Species demarcation criteria in the genus
In the genus Okavirus, differences in genome organization and biological properties of the six assigned genotypes detected in P. monodon shrimp appear insufficient to warrant their demarcation into separate species. Evidence of genetic recombination between genotypes also indicates that all should be classified as a single species.
List of species in the genus Okavirus
Gill-associated virus - Australia
Yellow head virus
Species names are in italic script; names of strains and isolates are in roman script. Sequence accession numbers [ ] and assigned abbreviations ( ) are also listed.
List of other related viruses which may be members of the genus Okavirus but have not been approved as species
Phylogenetic relationships within the family
Phylogenetic analyses of a partial ORF1b gene sequence has clustered okaviruses into six distinct genotypes numbered 1 (YHV), 2 (GAV), 3, 4, 5 and 6 (Figure 3). Genotype 1, 2, 3 and 5 viruses have been detected in P. monodon from various locations in Southeast Asia, but genotypes 2, 4 and 6 are the sole genotypes thus far detected in P. monodon from Australia, India and eastern Africa, respectively. There is evidence of naturally occurring genetic recombination involving genotypes 1 (YHV), 2 (GAV), 3 and 5.
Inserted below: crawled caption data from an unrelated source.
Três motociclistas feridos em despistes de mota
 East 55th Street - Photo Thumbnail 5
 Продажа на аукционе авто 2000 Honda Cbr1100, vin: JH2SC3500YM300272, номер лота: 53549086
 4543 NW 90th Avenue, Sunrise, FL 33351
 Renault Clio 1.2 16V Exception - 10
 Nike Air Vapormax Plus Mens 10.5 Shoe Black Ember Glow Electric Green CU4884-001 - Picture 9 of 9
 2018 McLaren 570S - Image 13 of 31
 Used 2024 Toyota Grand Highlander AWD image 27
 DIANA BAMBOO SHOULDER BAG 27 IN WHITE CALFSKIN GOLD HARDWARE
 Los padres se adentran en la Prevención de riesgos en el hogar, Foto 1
Similarity with other taxa
Similarities in the genome size and organization, sequences of core replicase proteins and the sgmRNA transcription strategy used by roniviruses clearly link them to other members of the order Nidovirales. The RNA pseudoknot component of the −1 ribosomal frameshift in the ORF1a/1b gene overlap resembles the gag/pol pseudoknots of some retroviruses. The structure and substrate specificity of the pp1ab chymotrypsin-like cysteine proteinase (3CLpro) bridges phylogenetic distinctions between the corresponding proteinases of coronaviruses and plant potyviruses.
Derivation of names
Roni: from rod-shaped nidovirus referring to the virion morphology of viruses in the family.
Oka: refers to the lymphoid or so named “oka” organ, an anatomical structure common to penaeid shrimp, and which is a site of virus replication and pathology in both subclinical and acute infections.